= Neil Cameron (Manitoba politician) =

Canadian politician (1863-1935)

Neil Cameron (September 1, 1863—May 22, 1935) was a politician in Manitoba, Canada. He served in the Legislative Assembly of Manitoba from 1922 to 1927, and was a cabinet minister in the government of John Bracken.

Cameron was born in Owen Sound, Canada West, the son of Alexander Cameron and Mary McLean, Scottish Presbyterians who arrived in Canada in 1840 and came to Manitoba in 1874. He was educated near Owen Sound and in Burnside, Manitoba, and was known as a skilled athlete in his younger years. Cameron worked as a farmer and rancher, was a prominent figure in Manitoba's cattle shipping trade, and founded the Neil Cameron Elevator Co. in Basswood, Manitoba. He served as reeve of Harrison for eighteen years. In 1889, Cameron married Mary Kippen.

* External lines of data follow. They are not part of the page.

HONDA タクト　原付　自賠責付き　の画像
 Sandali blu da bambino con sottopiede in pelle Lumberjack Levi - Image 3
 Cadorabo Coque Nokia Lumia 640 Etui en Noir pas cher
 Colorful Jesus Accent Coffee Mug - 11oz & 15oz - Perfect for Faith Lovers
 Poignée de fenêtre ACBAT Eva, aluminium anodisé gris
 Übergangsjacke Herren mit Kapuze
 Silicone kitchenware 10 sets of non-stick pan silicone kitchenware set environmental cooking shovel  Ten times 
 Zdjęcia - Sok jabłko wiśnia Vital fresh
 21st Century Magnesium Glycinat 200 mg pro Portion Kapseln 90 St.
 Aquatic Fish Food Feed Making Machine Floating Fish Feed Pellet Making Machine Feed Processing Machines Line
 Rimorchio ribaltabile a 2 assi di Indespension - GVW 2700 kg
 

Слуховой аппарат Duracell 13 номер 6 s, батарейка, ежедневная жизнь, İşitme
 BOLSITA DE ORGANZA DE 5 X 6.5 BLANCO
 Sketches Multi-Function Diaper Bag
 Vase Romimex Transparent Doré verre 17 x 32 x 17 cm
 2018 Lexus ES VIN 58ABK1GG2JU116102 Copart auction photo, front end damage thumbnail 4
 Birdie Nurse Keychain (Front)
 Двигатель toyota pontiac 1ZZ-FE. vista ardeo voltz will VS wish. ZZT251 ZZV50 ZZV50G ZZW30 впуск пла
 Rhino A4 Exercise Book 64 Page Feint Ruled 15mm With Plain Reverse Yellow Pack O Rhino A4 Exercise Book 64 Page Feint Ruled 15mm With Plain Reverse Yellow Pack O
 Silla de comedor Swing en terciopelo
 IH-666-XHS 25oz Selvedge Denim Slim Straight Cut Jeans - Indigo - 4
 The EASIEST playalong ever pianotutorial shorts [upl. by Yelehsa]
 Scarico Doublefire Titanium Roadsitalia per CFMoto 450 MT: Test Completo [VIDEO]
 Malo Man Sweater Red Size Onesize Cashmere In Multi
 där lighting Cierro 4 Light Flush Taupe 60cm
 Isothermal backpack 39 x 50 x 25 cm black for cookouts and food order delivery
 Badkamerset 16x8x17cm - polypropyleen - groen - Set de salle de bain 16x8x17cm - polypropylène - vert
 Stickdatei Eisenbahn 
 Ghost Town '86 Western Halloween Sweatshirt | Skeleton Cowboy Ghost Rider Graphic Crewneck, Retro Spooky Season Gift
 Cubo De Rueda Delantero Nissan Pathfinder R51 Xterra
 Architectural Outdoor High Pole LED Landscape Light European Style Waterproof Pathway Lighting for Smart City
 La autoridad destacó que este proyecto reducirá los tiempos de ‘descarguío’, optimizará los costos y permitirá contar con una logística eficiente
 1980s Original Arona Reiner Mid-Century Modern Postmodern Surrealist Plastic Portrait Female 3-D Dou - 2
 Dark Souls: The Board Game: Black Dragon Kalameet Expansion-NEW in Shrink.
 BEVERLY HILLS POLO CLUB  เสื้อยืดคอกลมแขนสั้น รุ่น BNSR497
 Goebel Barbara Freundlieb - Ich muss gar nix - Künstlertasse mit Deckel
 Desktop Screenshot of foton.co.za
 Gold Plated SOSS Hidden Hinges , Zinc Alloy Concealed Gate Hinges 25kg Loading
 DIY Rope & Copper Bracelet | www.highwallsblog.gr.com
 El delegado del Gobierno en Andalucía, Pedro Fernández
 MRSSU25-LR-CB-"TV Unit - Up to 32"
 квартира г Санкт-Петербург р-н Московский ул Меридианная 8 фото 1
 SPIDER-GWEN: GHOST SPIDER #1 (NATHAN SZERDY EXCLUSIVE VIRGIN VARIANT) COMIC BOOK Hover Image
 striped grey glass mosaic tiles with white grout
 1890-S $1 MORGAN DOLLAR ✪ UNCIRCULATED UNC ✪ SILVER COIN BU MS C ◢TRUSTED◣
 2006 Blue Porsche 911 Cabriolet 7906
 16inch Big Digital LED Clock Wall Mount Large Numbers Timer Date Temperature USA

He first ran for the Manitoba legislature in the 1903 provincial election, as a Liberal candidate in the constituency of Minnedosa. He lost to Conservative candidate William B. Waddell by eighty-one votes.

Cameron later joined the United Farmers of Manitoba (UFM), and ran under its banner in the 1922 provincial election. He was elected without difficulty. The UFM won a convincing victory across the province, and formed government as the Progressive Party of Manitoba. Cameron was appointed to John Bracken's cabinet on August 8, 1922, as Minister of Agriculture and Immigration, and as the cabinet representative of farming interests in the western part of the province. He was one of three cabinet ministers to oppose Bracken's initiative for a Manitoba Wheat Board, in a free vote held in early 1923.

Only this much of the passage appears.